The Role of Order to Cash in Business Success
The order to cash process is the lifeblood of any business, as it directly affects revenue generation and customer experience. By streamlining the O2C cycle, organizations can achieve faster order processing, accurate invoicing, timely collections, and improved cash flow. Furthermore, efficient order-to-cash processes can lead to enhanced customer satisfaction, increased customer loyalty, and a competitive edge in the market.
In contrast, a poorly managed O2C cycle can cause delayed order fulfilment, inaccurate billing, and inefficient collections, ultimately causing cash flow issues, dissatisfied customers, and a weakened financial position. Consequently, optimizing the order to cash process is vital for any organization seeking long-term success and growth.
When it comes to order to cash, Business Central facilitates seamless coordination among relevant departments, ensuring that each stage of the process is executed efficiently and accurately. However, efficiency is not the only benefit of implementing an ERP system in an organisation.
Centralized business processes mean companies can execute the O2C processes to serve the needs of other departments. For example, introducing a customers categorization in the order creation process allows the finance team to report on such categories later.

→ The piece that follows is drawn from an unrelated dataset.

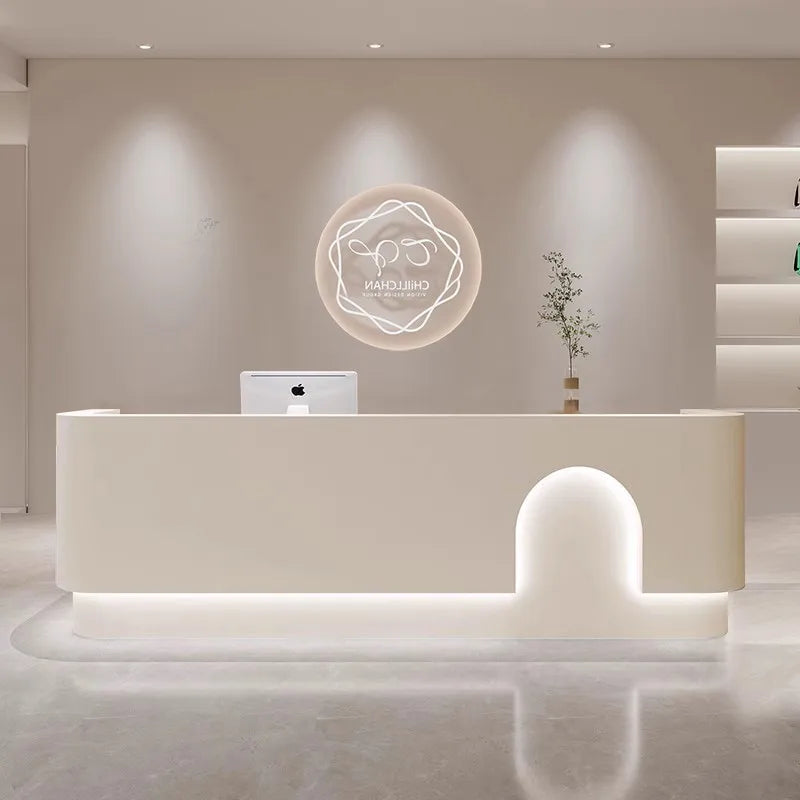 Minimalist Entrance Tables—Luxury Reception Desk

By designing and optimizing the O2C cycle as an element of the broader operating model, IT managers and CIOs can unlock the full potential of their organization's operations and lay the foundation for sustainable growth.

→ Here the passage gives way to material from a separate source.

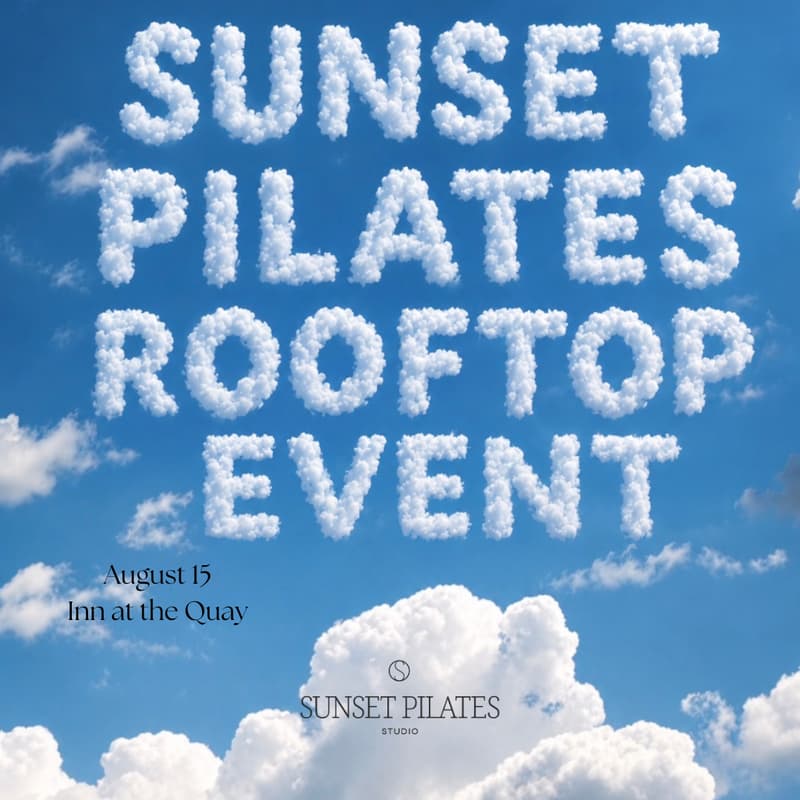 Cover Image for Sunset Pilates Rooftop Event- wellness, movement & community.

Key Components of the Order to Cash Process: Sales Orders, Invoicing, and Collections
The O2C lifecycle can be complex in large organizations. Companies operating in multi-channels, for example wholesale and retail, tend to operate with significantly different O2C processes. In this post, I focus on the four major components of the processes: Order creation, fulfilment, invoicing and billing and collection.
1. Sales Order Creation and Management
The sales order creation process in Business Central can start in different ways:
The most common is to create a new sales order using the action shortcut on the role centre page.
One of the best Business Central features is the ability to create and register new documents in different ways. For example, users can create a new order, starting from a list of customers or from the customer page. This is particularly useful if the O2C process starts with a salesperson or a member of the customer service team who needs to create a new order after checking the customer balance or the past orders history. In this case, we can find the action to create a new sales order on the customer page.
Companies that provide bespoke product and services often require a quotation before the sales order creation. Sales quotes in Business Central provide the same capability of a sales order with one crucial difference. Sales quotes do not affect planning because a quote is not committed demand. I will discuss more about planning in Business Central in upcoming posts.
Users can create a new Sales Quote like a sale order, using an action of from the customer card.
Another critical element of the O2C process's first stage is the approval.
Approvals in Business Central are managed through workflows. This functionality allows complex approval stages and different workflows based on many variables like customer credit limit, total order amount or the ship-to country.
In the example below, you can see an approval workflow for orders in a specific currency, in this case, is USD.
Sometimes, companies require a prepayment, partial or in full, before shipping a sales order. Business Central allows setting up default prepayment percentages that can apply to customers or specific items. For example, you can request a prepayment for the entire order value that always applies to orders from selected customers.
Likewise, users can set up a default prepayment percentage on a product. This is often used by companies that trade expensive machinery and require a partial prepayment from their customers before confirming the order and start the production process.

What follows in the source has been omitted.